Disrupt Yourself
For a quick case study on disruptive markets affecting independent retailers, the jewelry industry just needs to look at the video industry.
In the mid-1970s, Betamax and VHS were introduced to the market. Over the next 30 years, we experienced the birth, explosion, disruption, and death of an industry.
I had a summer job working for a small Chicago retail chain that sold billiard tables. The billiards business wasn’t exactly hopping, so the owner expanded the business to other forms of home entertainment. We introduced VHS and Betamax machines, and learned to hook them up, set the clocks (!), and program them to record television. A few short years later, movie studios began releasing movies for home viewing. Billiard tables disappeared from our stores completely, replaced with racks of rental movies and home recording technology. The company was rebranded as a video chain, and we shot up to 14 stores.
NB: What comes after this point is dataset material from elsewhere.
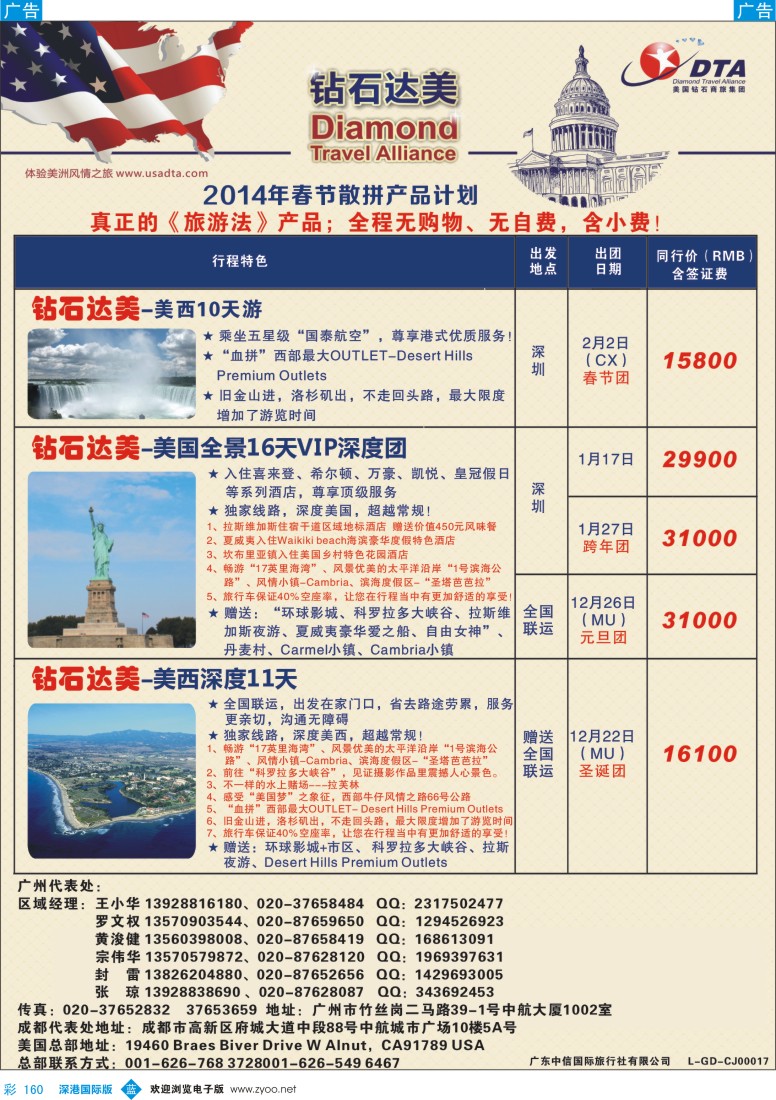 b彩160  DTA钻石达美——美加高端VIP散拼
Around that time, I moved to one of our suppliers. Right away, I was tasked with stocking the first two Blockbuster Video stores with the ideal movie rental inventory. In the years that followed, Blockbuster systematically wiped out most independent video retailers with its expansion strategy. As video prices dropped low enough for consumers to buy them (instead of just renting), I was recruited by another company to launch its video catalog business. Then came DVD, which made Netflix possible (if you recall, Netflix’ original delivery system wasn’t digital – it was the US Postal Service). Cheap, ample movie fare without leaving your home (not just Netflix, but also cable channels) ultimately killed Blockbuster.
The history of the video industry offers several important lessons for those of us considering our next moves in the jewelry business. Here are a few of them.
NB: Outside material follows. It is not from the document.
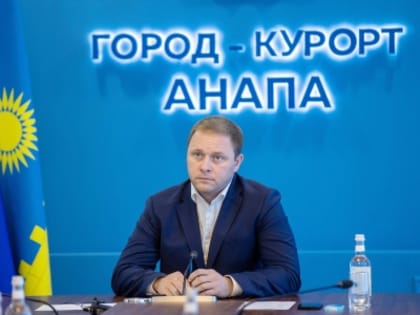 Василий Швец призвал анапчан отказаться от фейерверков в новогодние праздники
1. Don’t Be a Purist (Unless You Can Differentiate It)
Being a purist isn’t a formula for consumer success. In the video world, there were constant, fraught battles between the Beta and VHS camps. People took sides. It’s OK for consumers to take sides in that type of battle, but not business owners. Video store owners and studios (suppliers) who took sides instantly eliminated a large percentage of buyers. The lesson? Give consumers what they want in as many ways as they may want it — unless you can turn your niche into a powerhouse of differentiation.
We see this today in the jewelry industry, as people take purist stances relative to product. Lab grown diamonds, ethically sourced and made jewelry, silver jewelry, plated jewelry, hand-made jewelry, crunchy-funky-designerly jewelry — these are things that consumers want to buy and many retailers still refuse to sell. If you’re not such an upscale jeweler that you can differentiate on that premise (question: have you sold more than two $50k items so far this year?), you should be feeding the quacking ducks rather than running around looking for swans.
2. Adapt Adapt Adapt
My boss at the billiard chain was in his 60's when he transformed his stores from selling billiards to selling video — at the time, a bold bet on technology. I watched him continue to adapt to the changing marketplace, keeping his eye on the news and his ear to the consumers. When he got in financial trouble from his rapid growth, he sold the chain of stores to a large music chain and cashed out at just the right time.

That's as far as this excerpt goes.